July 2025

Prisoners serving a life sentence are easier to work with than those facing shorter terms, according to John Mills, a prison officer for 15 years. His experience of working in prisons in Maidstone and Holloway showed that “lifers were the easiest group I worked with. Once a lifer is told to serve a life sentence, they make a life for themselves in prison. They work with the system rather than against it.” 

Speaking to a 30-strong audience in the MMF”s Museum Friends’ shop in Fremlin Walk Maidstone on July 10, 2025, John said that working in Holloway revealed a difference between male and female prisoners. Women always asked “why?” when asked to do something. He managed the “pregnant” unit in Holloway, once the largest female prison in Europe that closed in 2016. Babies and young children can stay with their mothers in prison for the first three years of their lives. He rejected the public perception that prisoners, male or female, have a “cushy” time in jail. 
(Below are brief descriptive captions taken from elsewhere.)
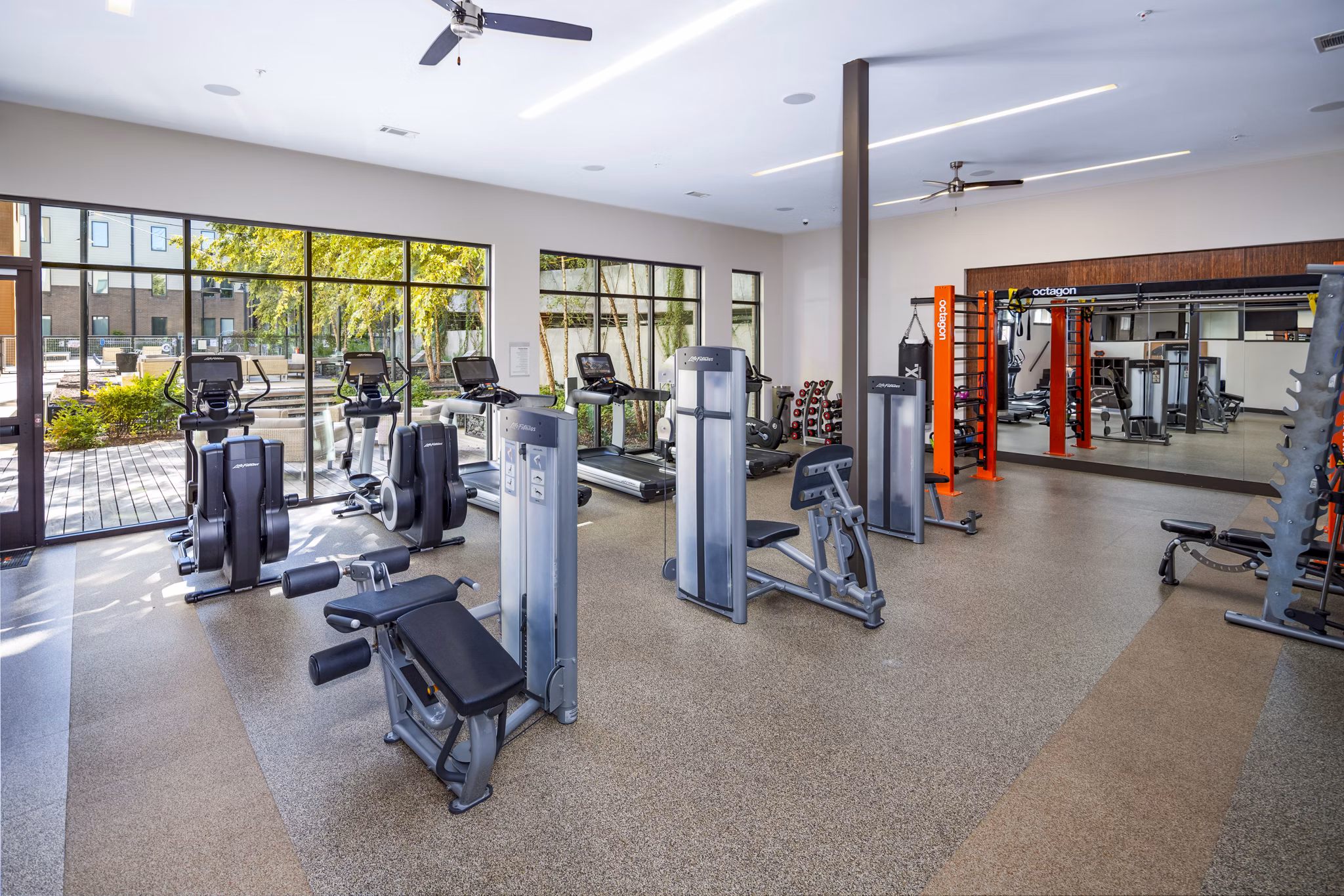 State-of-the-art fitness center with modern equipment at Terra House Apartments, ideal for active lifestyle residents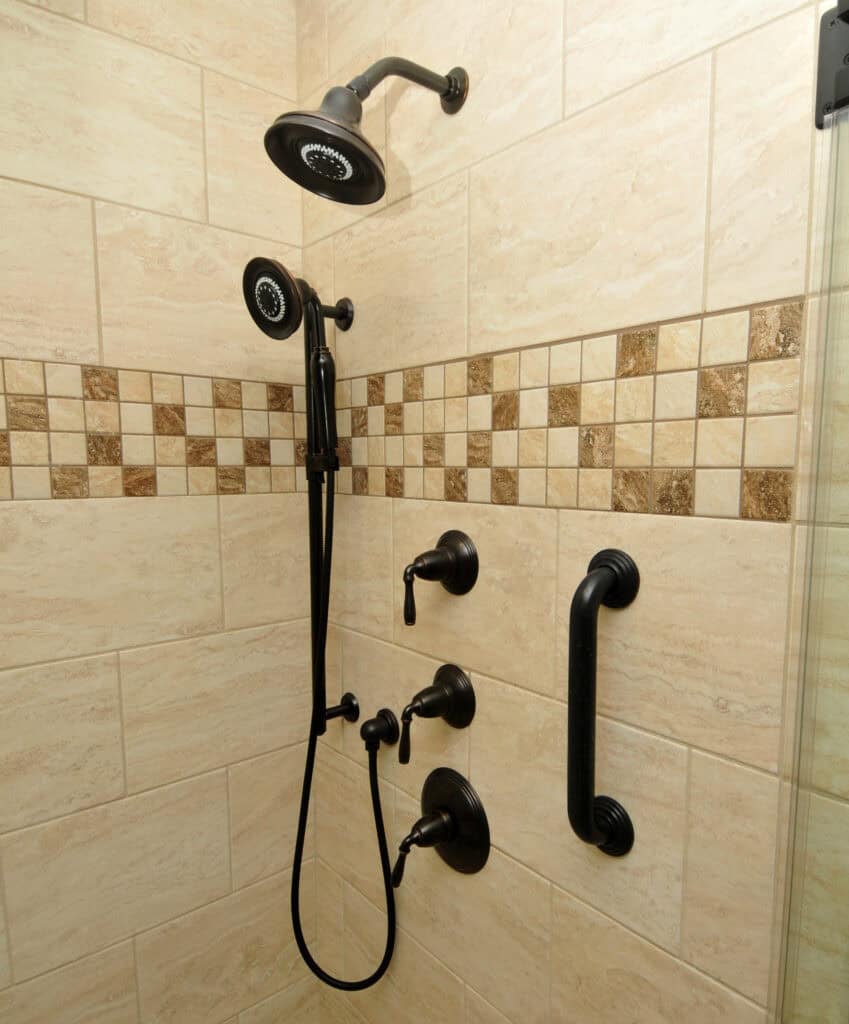 Shower with beige tiles, a dark bronze rainfall showerhead, a handheld showerhead, two control knobs, and a grab bar. Decorative square tile border runs horizontally through the middle.
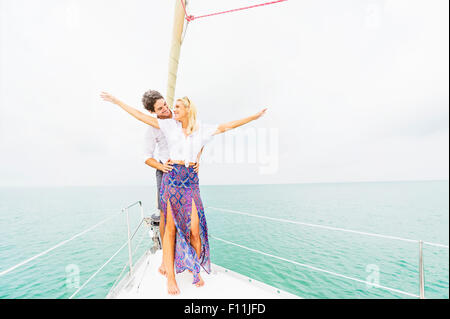 Couple standing on deck of sailboat Stock Photo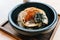 Japanese Chashu Don: Steam Rice topping with Roasted Pork Belly, Yolk, Dried Seaweed and Saffron. Served in black ceramic bowl.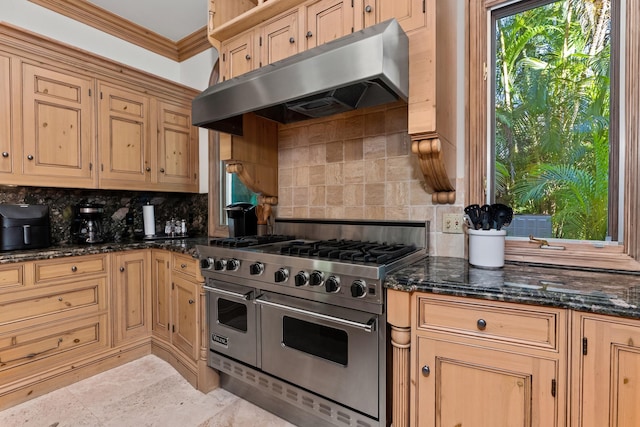 kitchen featuring double oven range, light brown cabinetry, dark stone countertops, backsplash, and ornamental molding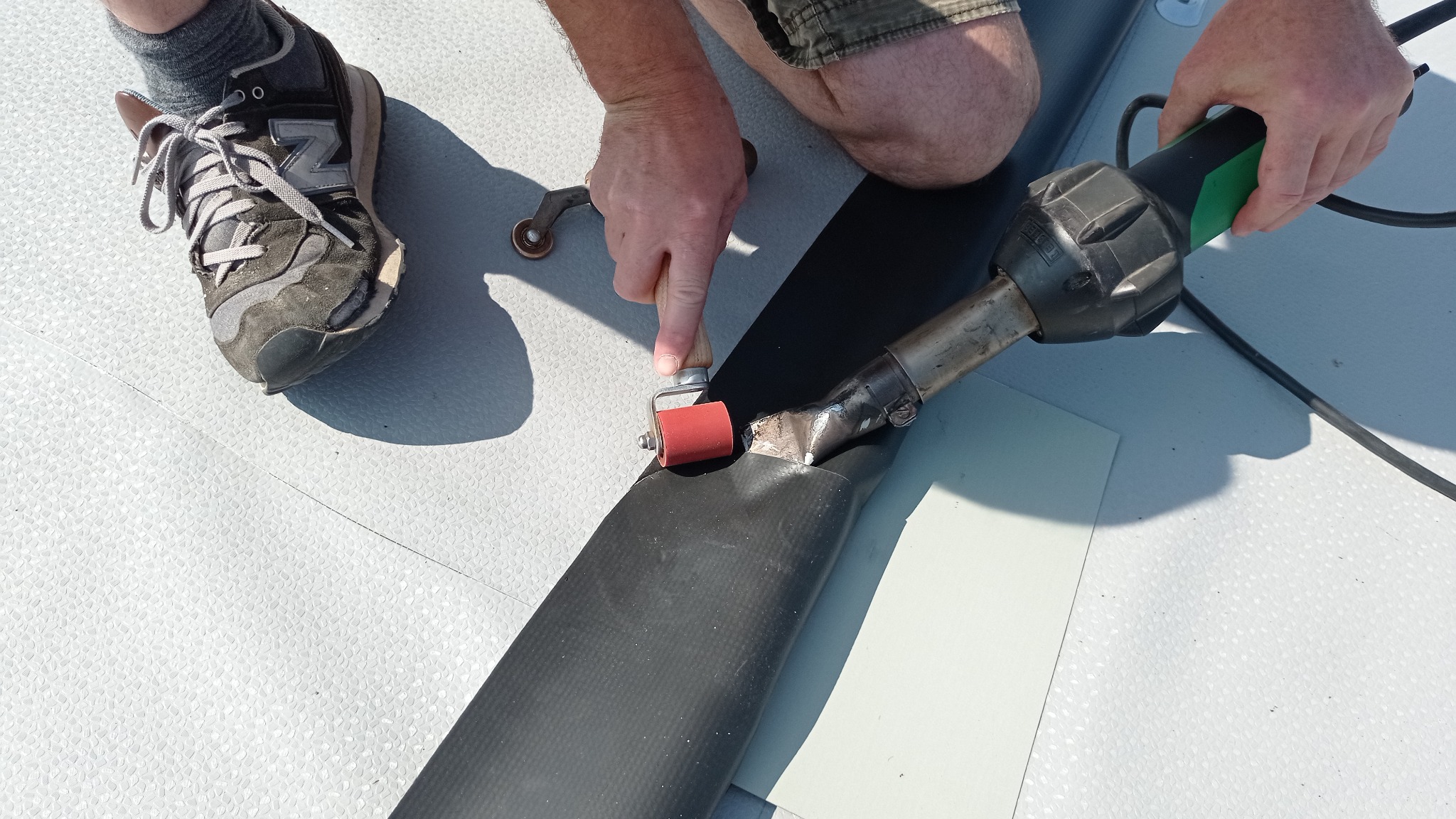 Prace dekarskie: Zgrzewanie papy termozgrzewalnej za pomocą zgrzewarki i dociskanie wałkiem, widoczny fragment obuwia roboczego.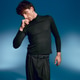 Stylish young man exudes elegance with confident pose against vibrant background Stylish young man exudes elegance with confident pose against vibrant background - PhotoDune Item for Sale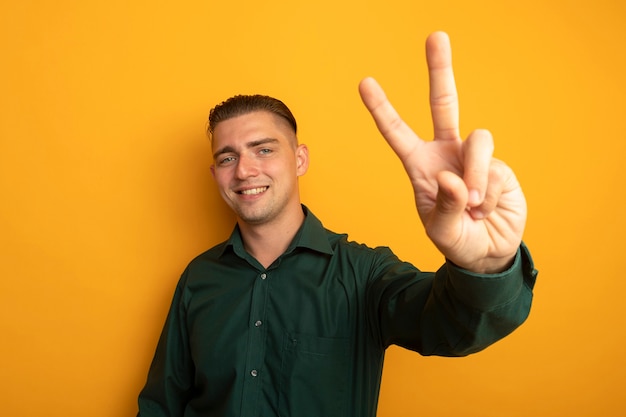 Young handsome man in green shirt smiling cheerfully showing v-sign happy and positive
Many face bullying, one of the service’s biggest challenges. “Life inside is not a soft option. It’s a far cry from a holiday camp.” Prisoner numbers have leapt from 45,000 to 87,000 over the past 40 years without a corresponding increase in staffing levels that remain around 25,000.  No new prisons have been built and the service has been low down the list of spending priorities, he claimed. But John was pleased with one of the most significant prison improvements in recent years – the provision of a toilet in every male “cell” – or “room” in a female prison.

MMF Talk Life in Prisons
A large audience learns from John Mills about life inside.